Beethoven; Sonate per Pianoforte. Nuova Edizione Critica riveduta e corretta da ALFREDO CASELLA. Three Vols. Ricordi. 1926.

EETHOVEN and Milton have much in common, but this

chiefly that both have been dragged into the baser parts of instruction and doled out by inches to unenchanted learners. Those are fortunate who come to "Paradise Lost" without associations of parsing, or to Beethoven's Sonatas without memories of reluctant digitation. Teachers seem unaware in their professional hours that Beethoven wrote his Sonatas as an expression of his spirit and not as penance for the young. In this notable year it is well to remind ourselves that they form a rich and significant chapter, both in the history of music and in the story of the composer's life. The first (Op. 2, No. 1) was written in 1795, when Mozart had been dead three years, and Beethoven himself was twenty-four; the last (Op. 111) was finished in 1822, when Schubert, whose twenty-five years had already flowered into unmatched fertility, offered in dumb and awkward reverence a set of Variations to the master whom he was to follow so swiftly to a neighbouring grave in the Währinger cemetery. The Sonata period, 1795-1822, has its striking parallels in other regions of human activity. It covers the career of Napoleon from its overture before the Tuileries on the 15th Vendémiaire to the last act of the tragedy at St. Helena. It coincides with the most productive years of Goethe, of Wordsworth, and of Scott. It saw the transformation of Turner from an accurate topographical draughtsman into the poet of light made visible. It covers the whole life of Shelley, who was born in the year of Beethoven's entry to Vienna, and died in the year of the last Sonata. It followed the course of Blake's visions from "The Song of Los " (who "sang to four harps at the tables of Eternity") to "The Ghost of Abel," with its lines that have a singular relevance to the composer who wrote of his Pastoral Symphony," Mehr Ausdruck der Empfindung, als Mälerei":

Nature has no Outline,

But Imagination has. Nature has no Tune, but Imagination has.
Nature has no Supernatural, and dissolves: Imagination is
Eternity.

The period was, in fact, part of the great transit to the modern world of art in which form is no longer its own excuse for being, but is born again as a song of innocence or experience.

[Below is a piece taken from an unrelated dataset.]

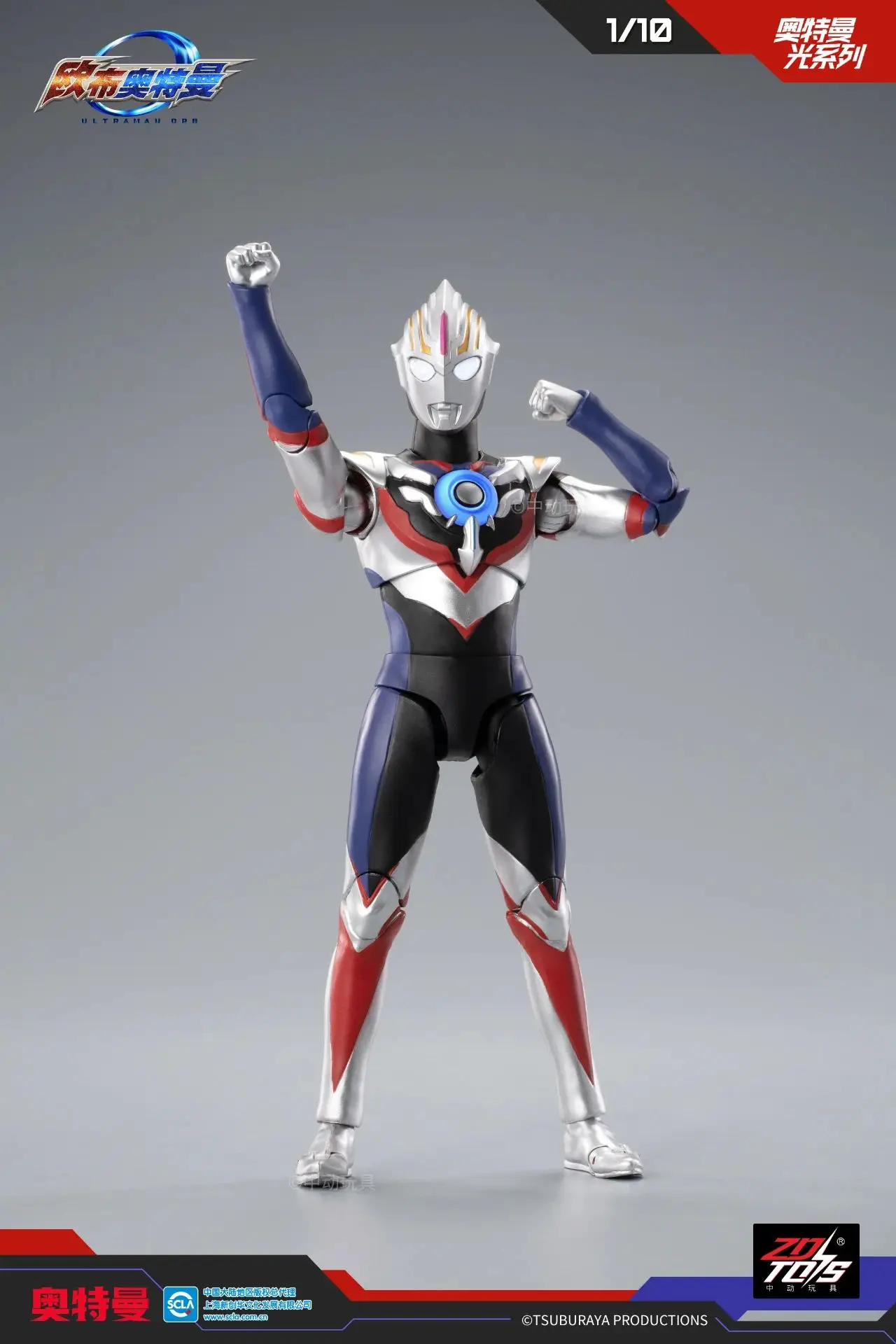 ZD TOYS Ultraman ACE Jack SUIT Gaia Tiga Trigger Decker Orb Z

The pianoforte Sonatas of Beethoven have suffered from his own fertility. He wrote nine Symphonies, seventeen string Quartets, and thirty-two pianoforte Sonatas. We are all familiar with the Symphonies—at least six of them—and have no doubt about the order of their movements; but how many amateurs of music can say that they know the whole of Beethoven's Sonatas, that they could at once identify any movement from any one of them? The delightful early Sonatas are taken for granted. Out of the first dozen, only two (Op. 13 and Op. 26) receive popular attention, the first because it has a fanciful name, and the second because it contains a funeral march, always a curiously attractive number in a composition.

This question of titles is not unimportant. Man naturally prefers names to numbers, and finds a piece called "The Moonlight Sonata" more attractive than a piece identified as Op. 27, No. 2. Only one Sonata was named by Beethoven himself, the beautiful"Les Adieux, l'Absence et le Retour," Op. 81a; and this, oddly enough, has never achieved the popularity of those with labels unauthorized and inappropriate. But, although musical amateurs could make it a delightful entertainment to find appropriate titles for the Sonatas, we must accept the fact that they are as nameless as the Fugues of Bach, and be content to know them by their opus numbers or keys.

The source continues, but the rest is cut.